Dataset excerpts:
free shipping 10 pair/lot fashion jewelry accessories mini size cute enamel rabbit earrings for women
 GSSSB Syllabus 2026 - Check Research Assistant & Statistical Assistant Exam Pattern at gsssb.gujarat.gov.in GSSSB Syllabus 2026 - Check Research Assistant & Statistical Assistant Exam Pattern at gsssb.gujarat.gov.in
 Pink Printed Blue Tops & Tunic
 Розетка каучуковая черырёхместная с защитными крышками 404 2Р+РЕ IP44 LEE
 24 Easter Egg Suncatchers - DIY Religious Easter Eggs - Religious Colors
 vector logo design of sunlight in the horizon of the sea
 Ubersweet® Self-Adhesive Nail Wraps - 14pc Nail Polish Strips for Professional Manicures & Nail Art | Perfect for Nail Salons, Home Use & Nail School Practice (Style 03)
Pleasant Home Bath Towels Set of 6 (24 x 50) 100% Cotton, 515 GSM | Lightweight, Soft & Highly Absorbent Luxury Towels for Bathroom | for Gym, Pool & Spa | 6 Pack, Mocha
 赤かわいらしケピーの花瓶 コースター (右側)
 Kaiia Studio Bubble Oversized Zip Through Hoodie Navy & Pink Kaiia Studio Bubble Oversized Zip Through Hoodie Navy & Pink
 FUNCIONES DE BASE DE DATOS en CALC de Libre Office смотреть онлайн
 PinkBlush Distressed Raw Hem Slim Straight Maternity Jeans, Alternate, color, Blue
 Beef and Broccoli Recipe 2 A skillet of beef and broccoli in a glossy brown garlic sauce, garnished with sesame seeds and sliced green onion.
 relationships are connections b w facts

▶ _Task goal_: Go through the records above. Copy each line in which the string "Home" appears.

▶ _Answer to this exercise_:
 Ubersweet® Self-Adhesive Nail Wraps - 14pc Nail Polish Strips for Professional Manicures & Nail Art | Perfect for Nail Salons, Home Use & Nail School Practice (Style 03)
Pleasant Home Bath Towels Set of 6 (24 x 50) 100% Cotton, 515 GSM | Lightweight, Soft & Highly Absorbent Luxury Towels for Bathroom | for Gym, Pool & Spa | 6 Pack, Mocha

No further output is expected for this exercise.